◆ **Records**
::::::::

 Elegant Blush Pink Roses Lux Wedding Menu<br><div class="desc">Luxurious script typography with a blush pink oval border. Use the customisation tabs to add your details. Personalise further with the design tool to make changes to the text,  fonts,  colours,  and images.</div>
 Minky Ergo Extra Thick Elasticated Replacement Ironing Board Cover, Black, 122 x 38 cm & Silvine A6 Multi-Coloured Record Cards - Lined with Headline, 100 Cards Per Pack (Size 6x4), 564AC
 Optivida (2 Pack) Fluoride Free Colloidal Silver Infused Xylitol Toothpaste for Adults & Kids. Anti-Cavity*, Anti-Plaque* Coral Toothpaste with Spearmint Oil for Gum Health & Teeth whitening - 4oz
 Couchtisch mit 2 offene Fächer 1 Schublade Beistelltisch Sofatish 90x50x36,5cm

::::::::

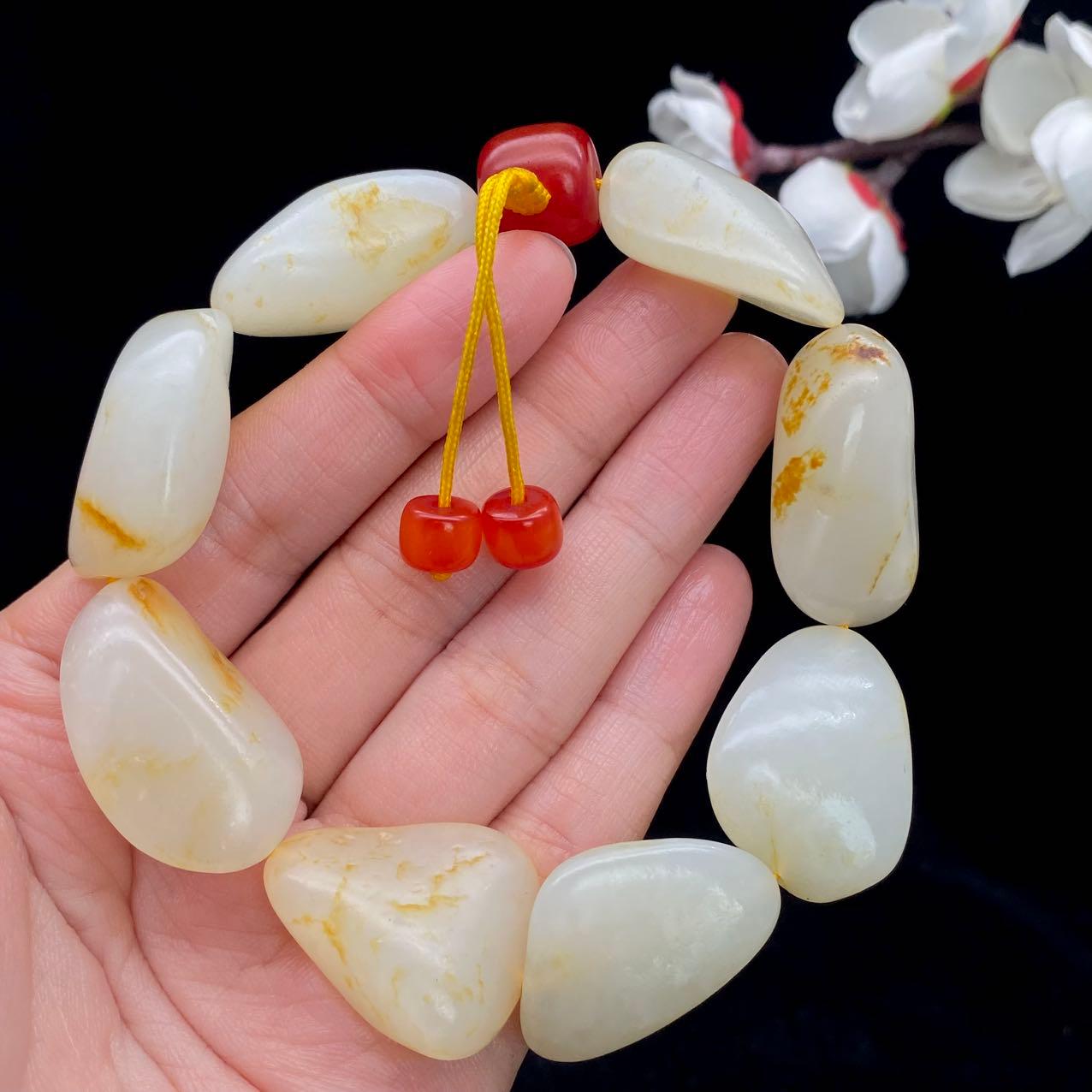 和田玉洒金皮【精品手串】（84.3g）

::::::::

◆ **Exercise objective**
Every line above with the word "Pack" belongs in the answer, copied as written.

◆ **Exercise output**
 Minky Ergo Extra Thick Elasticated Replacement Ironing Board Cover, Black, 122 x 38 cm & Silvine A6 Multi-Coloured Record Cards - Lined with Headline, 100 Cards Per Pack (Size 6x4), 564AC
 Optivida (2 Pack) Fluoride Free Colloidal Silver Infused Xylitol Toothpaste for Adults & Kids. Anti-Cavity*, Anti-Plaque* Coral Toothpaste with Spearmint Oil for Gum Health & Teeth whitening - 4oz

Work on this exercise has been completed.